[[ Excerpted data open ]]

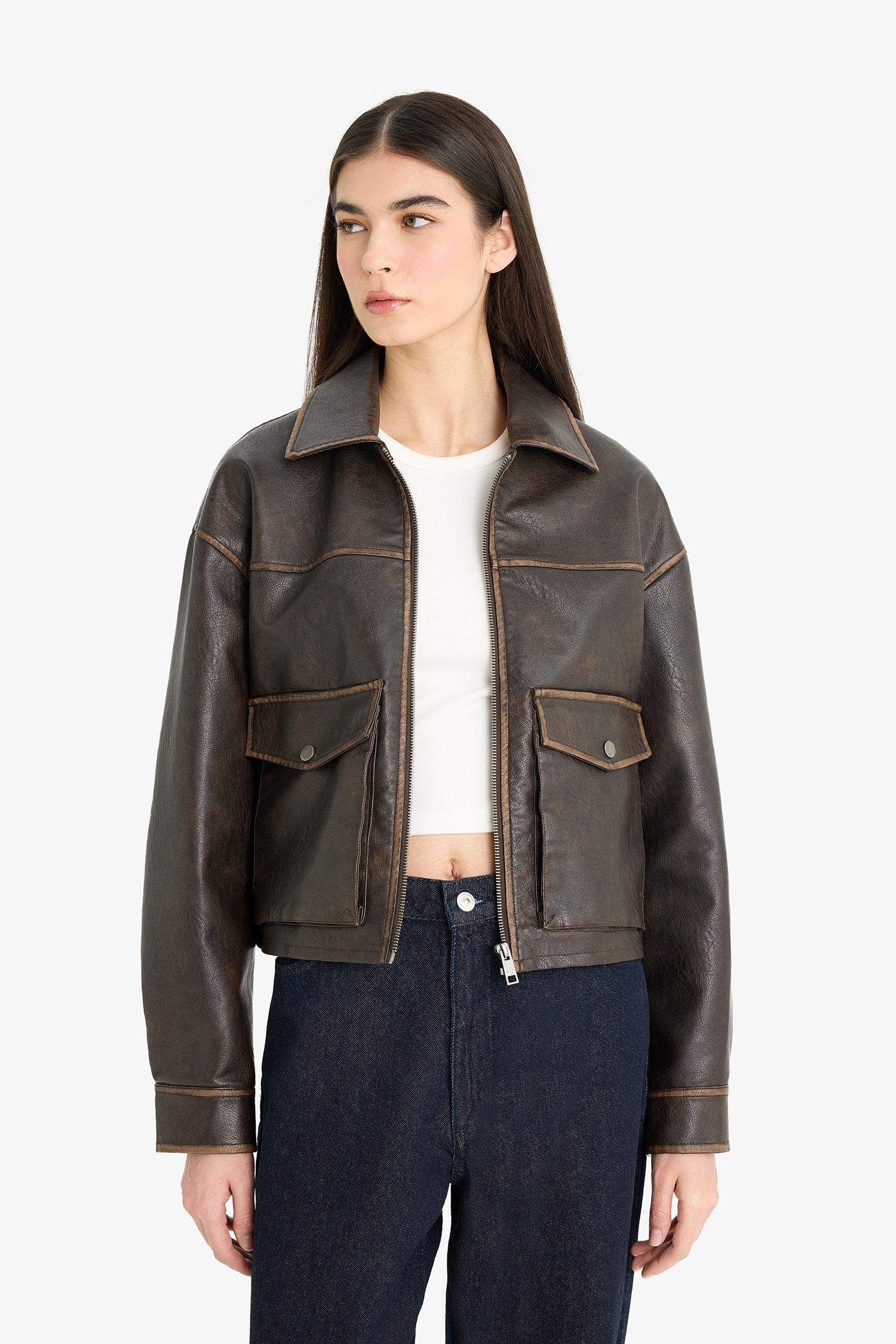 поло жаға тафетта ПУ Күртеше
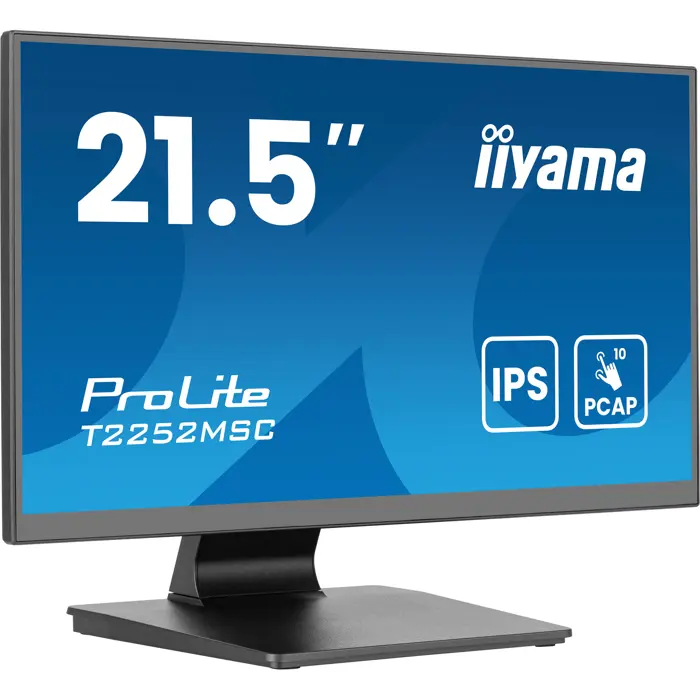 Iiyama ProLite T2252MSC-B2AG (54.5 cm (21.5 inches), black (matt), FHD, IPS, touchscreen, HDMI, DP, anti-reflective coating, 100Hz panel)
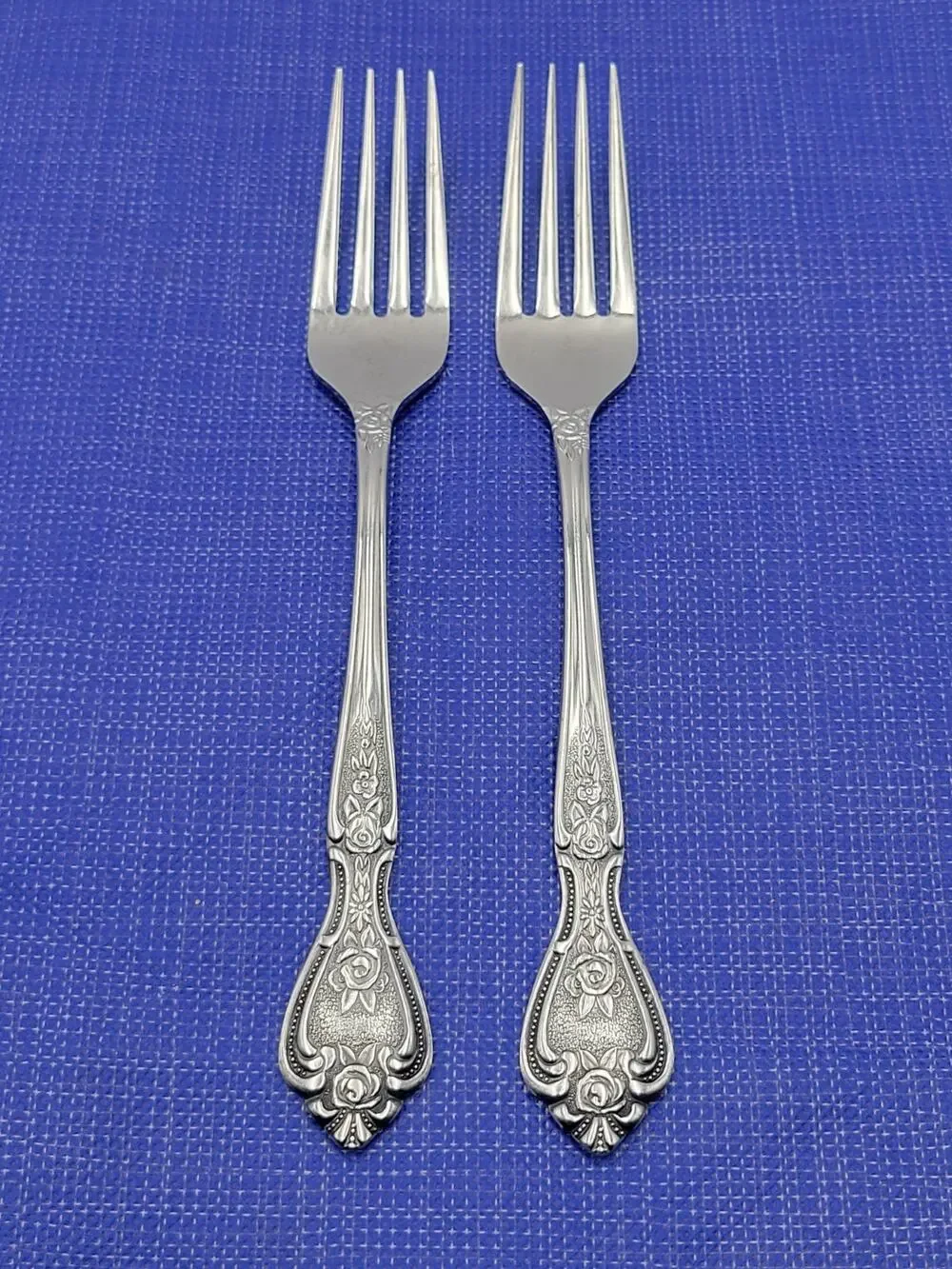 NORMANDY Floral Stainless Silverware Japan Set 2 Dinner Fork 7.75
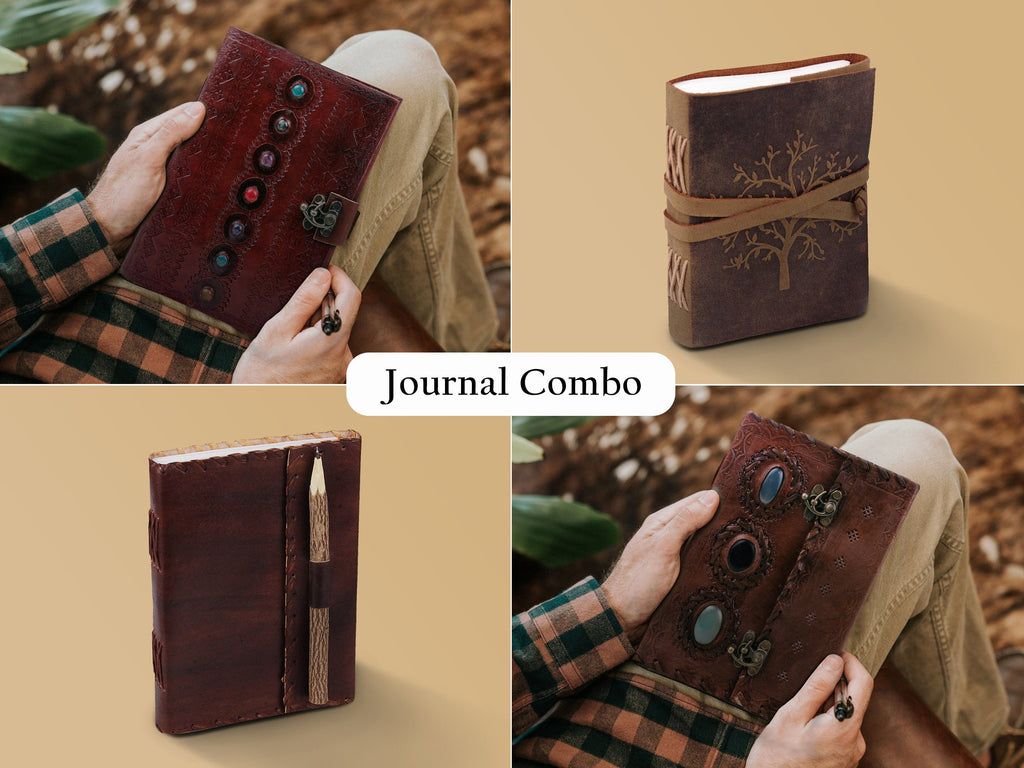 Handmade Leather Journal Combo – Sketchbook, Diary & Notebook Set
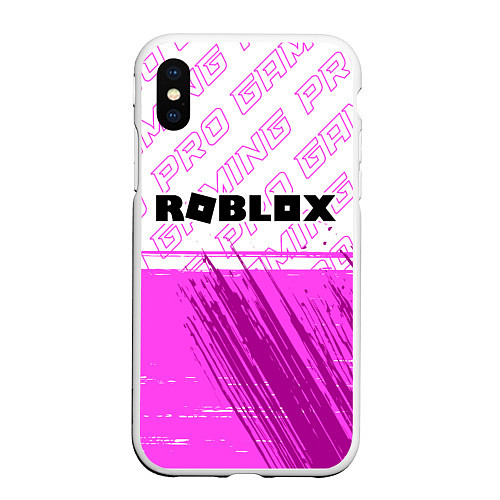 Чехол iPhone XS Max матовый Roblox pro gaming: символ сверху / 3D-Белый – фото 1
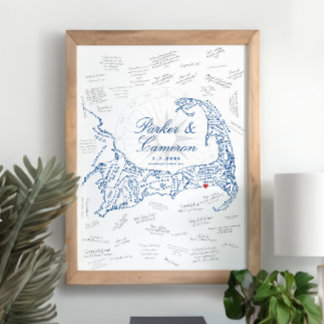 Poster Cartão de Casamento Wychmere Cape Cod Mapa Livro d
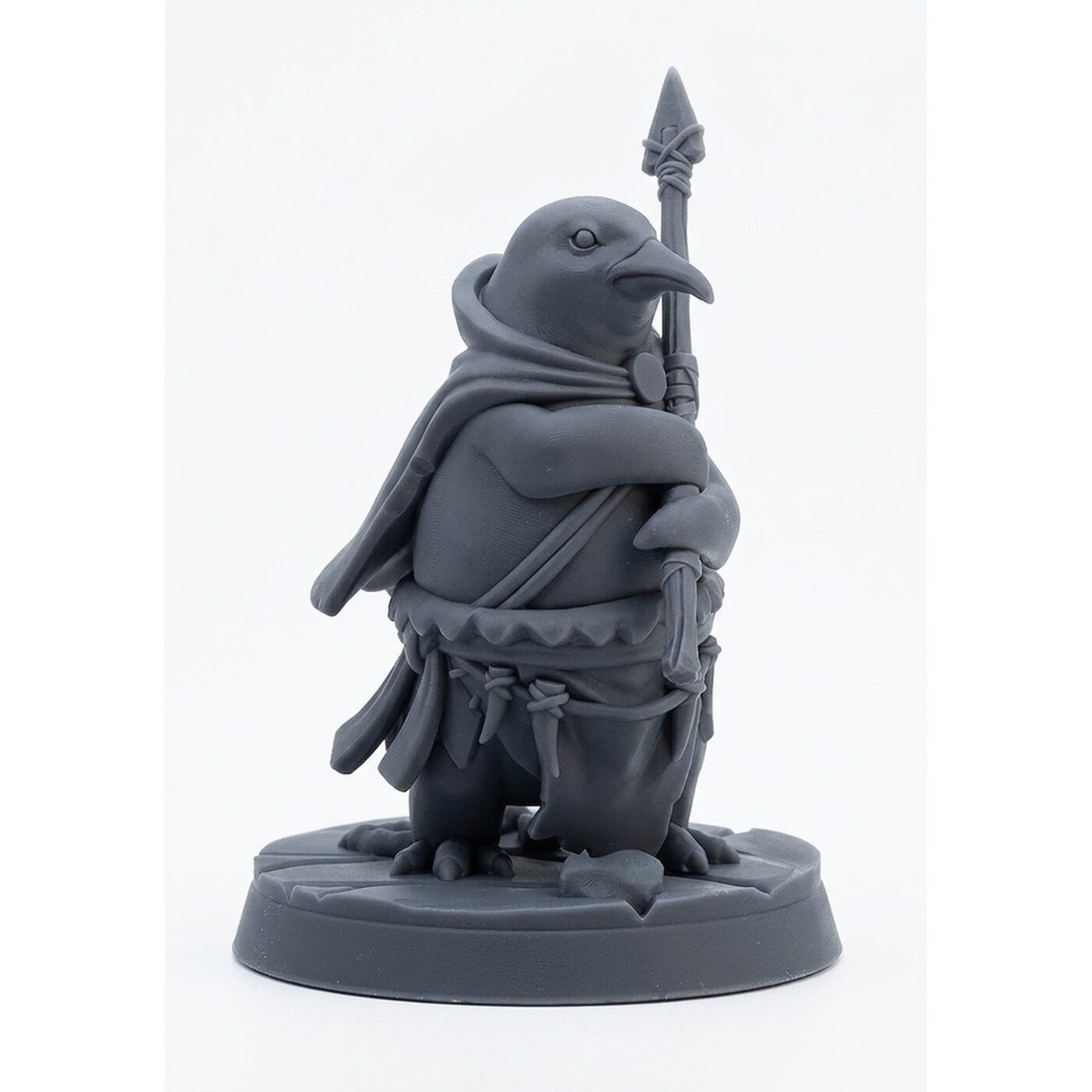 Penguin Lancer - Gray Resin 3D Printed Miniature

[[ Excerpted data closed ]]

■ **What you should do**
Beginning at the line with "Poster Cartão de", reproduce word for word each line through the last line of the records. Include both ends but no pictures.

■ **Answer below**
 Poster Cartão de Casamento Wychmere Cape Cod Mapa Livro d
 Penguin Lancer - Gray Resin 3D Printed Miniature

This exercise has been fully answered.